Here is the output DataFrame I'm trying to get:

ID | Min | Max | All Numbers in Range
---------------------------------------
1  |  1  | 10  | [1,2,3,4,5,6,7,8,9,10]
2  |  54 | 105 | [54,55,56,...,104,105]
3  |  24 | 0   | [1,2,3,...,22,23,24]
.  |  .  | .   |           .
.  |  .  | .   |           .
.  |  .  | .   |           .
N  |  X  | Y   | [X, ...............,Y]

I can do this with a loop and generate the lists (or Numpy arrays) row by row, but its very slow and it will take two hours to complete with the amount of data I have. I can also do this with Apply, but its no faster than the loop. And I can't seem to figure out how to vectorize this operation so it happens faster.

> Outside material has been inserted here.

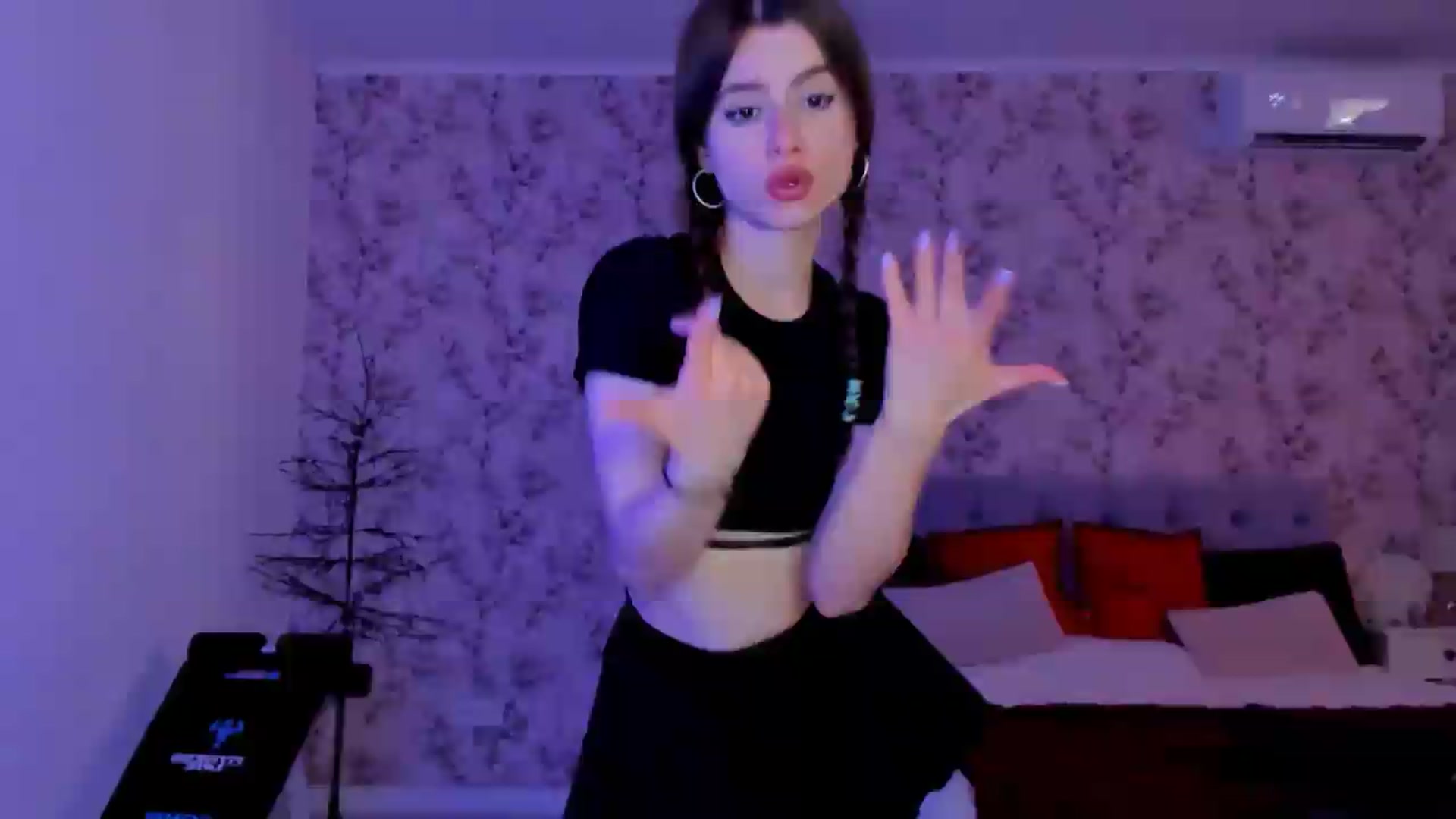 Gallery image thumbnail from Hotmolly_'s myfreecams stream on, 09/23/2026, 11:47 image 16 of 20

Here is one of the ways I've tried to vectorize it that didn't work:

def create_list(min, max):
    if max != 0:
        num_list= np.arange(min, max + 1, 1)
    else:
        num_list= np.arange(1, min + 1, 1)

    return num_list


df["num_list"] = create_list(df["min"], df["max])

Which gives me the error: ValueError: The truth value of a Series is ambiguous. Use a.empty, a.bool(), a.item(), a.any() or a.all().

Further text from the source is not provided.